> [Data section]:
● ● ●

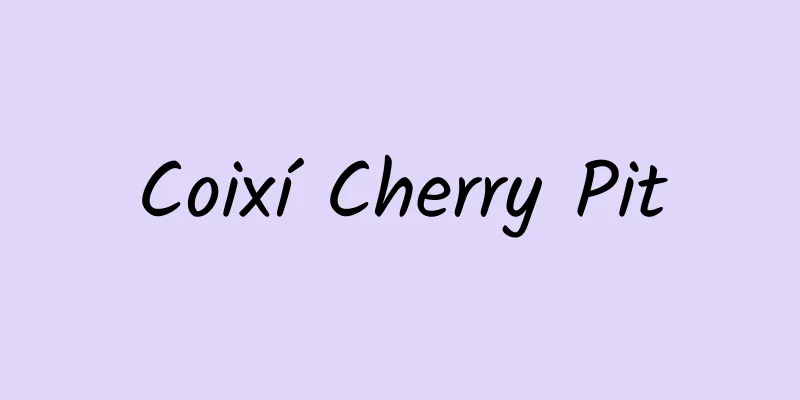 Coixí Cherry Pit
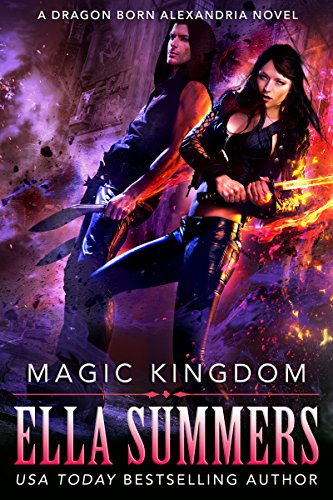 Magic Kingdom (Dragon Born Alexandria Book 3)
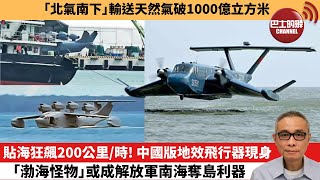 【中國焦點新聞】貼海狂飆200公里/時！中國版地效飛行器現身，「渤海怪物」或成解放軍南海奪島利器。「北氣南下」輸送天然氣破1000億立方米。25年7月11日
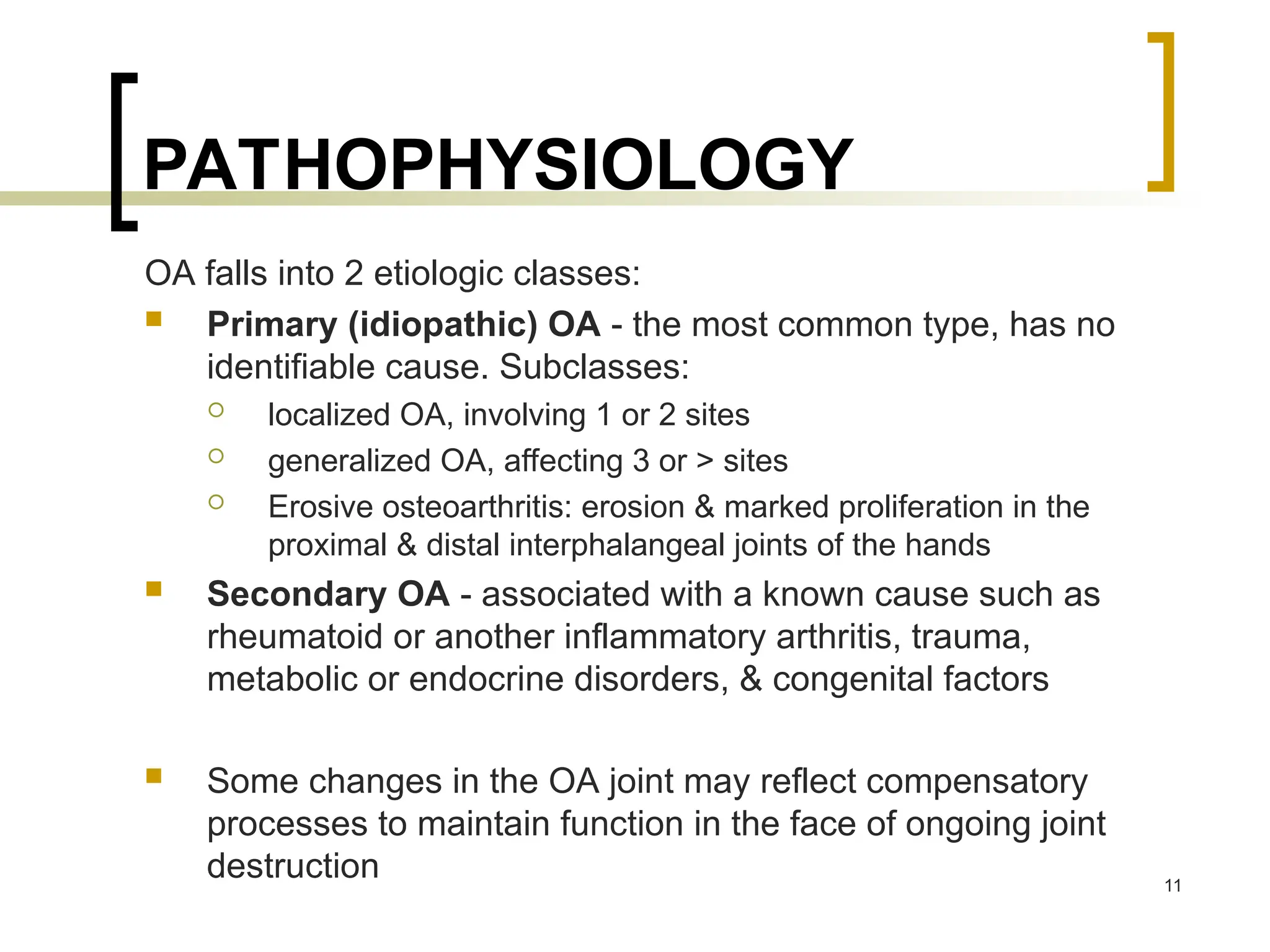 PATHOPHYSIOLOGY
OA falls into 2 etiologic classes:
 Primary (idiopathic) OA - the most common type, has no
identifiable cause. Subclasses:
 localized OA, involving 1 or 2 sites
 generalized OA, affecting 3 or > sites
 Erosive osteoarthritis: erosion & marked proliferation in the
proximal & distal interphalangeal joints of the hands
 Secondary OA - associated with a known cause such as
rheumatoid or another inflammatory arthritis, trauma,
metabolic or endocrine disorders, & congenital factors
 Some changes in the OA joint may reflect compensatory
processes to maintain function in the face of ongoing joint
destruction 11
 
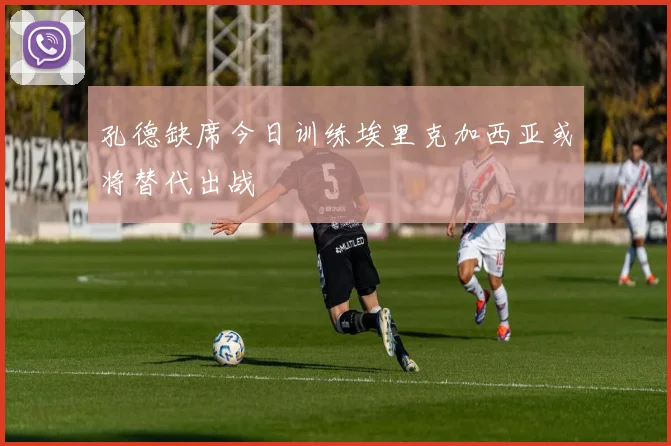 孔德缺席今日训练埃里克加西亚或将替代出战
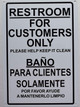 Restroom for CUSTOMERS ONLY English/Spanish Signage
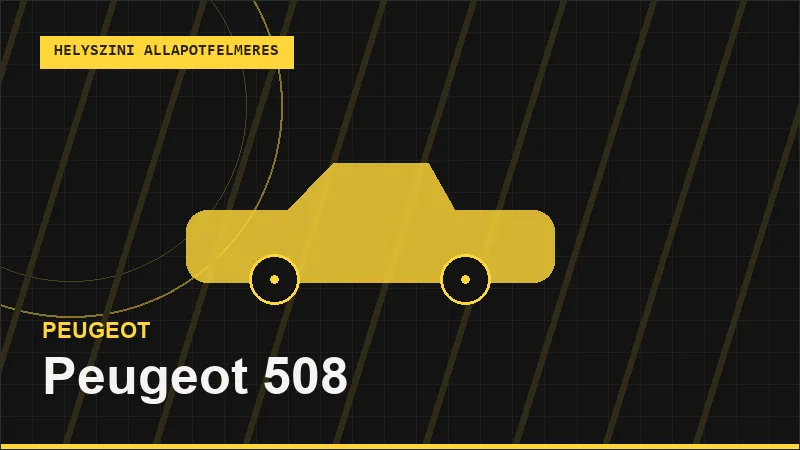 Peugeot 508 helyszíni autó állapotfelmérés vásárlás előtt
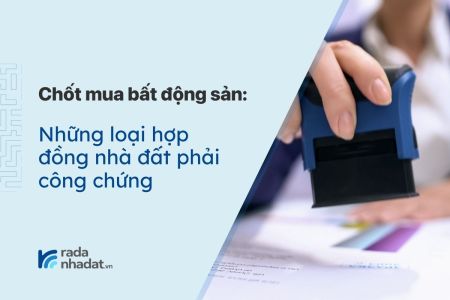 Những loại hợp đồng nhà đất phải công chứng
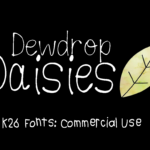 K26 Dewdrop Daisies Font Poster 1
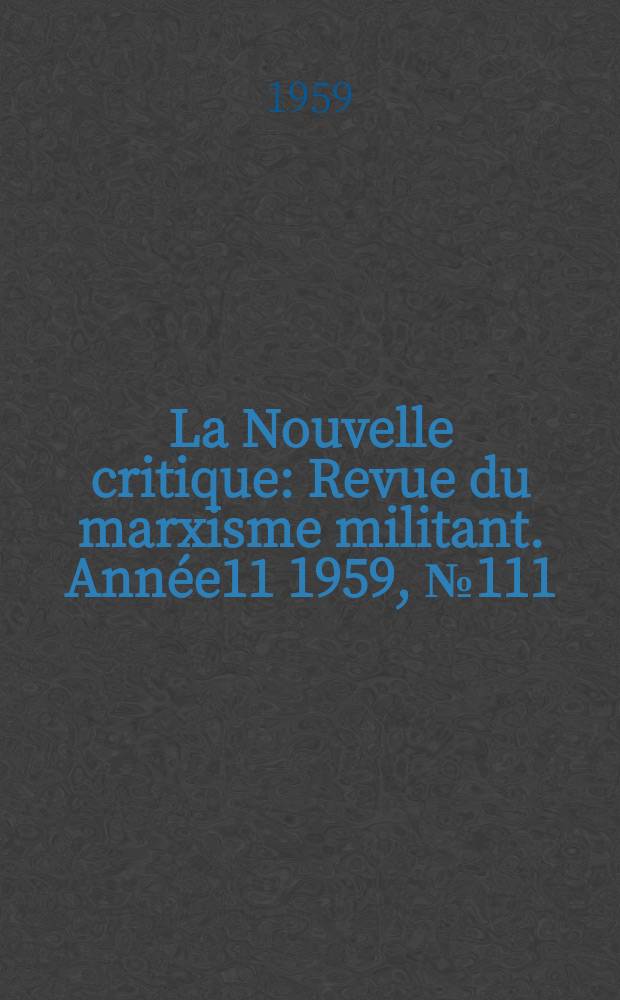 La Nouvelle critique : Revue du marxisme militant. Ann&eacute;e11 1959, №111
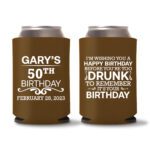 50th birthday koozie D19- Dark Brown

● ● ●

> [What to do]:
Exactly as they appear, transcribe the lines from the top of the material above through the line with "3 or > sites". Omit any picture.

> [Expected output]:
 Coixí Cherry Pit
 Magic Kingdom (Dragon Born Alexandria Book 3)
 【中國焦點新聞】貼海狂飆200公里/時！中國版地效飛行器現身，「渤海怪物」或成解放軍南海奪島利器。「北氣南下」輸送天然氣破1000億立方米。25年7月11日
 PATHOPHYSIOLOGY
OA falls into 2 etiologic classes:
 Primary (idiopathic) OA - the most common type, has no
identifiable cause. Subclasses:
 localized OA, involving 1 or 2 sites
 generalized OA, affecting 3 or > sites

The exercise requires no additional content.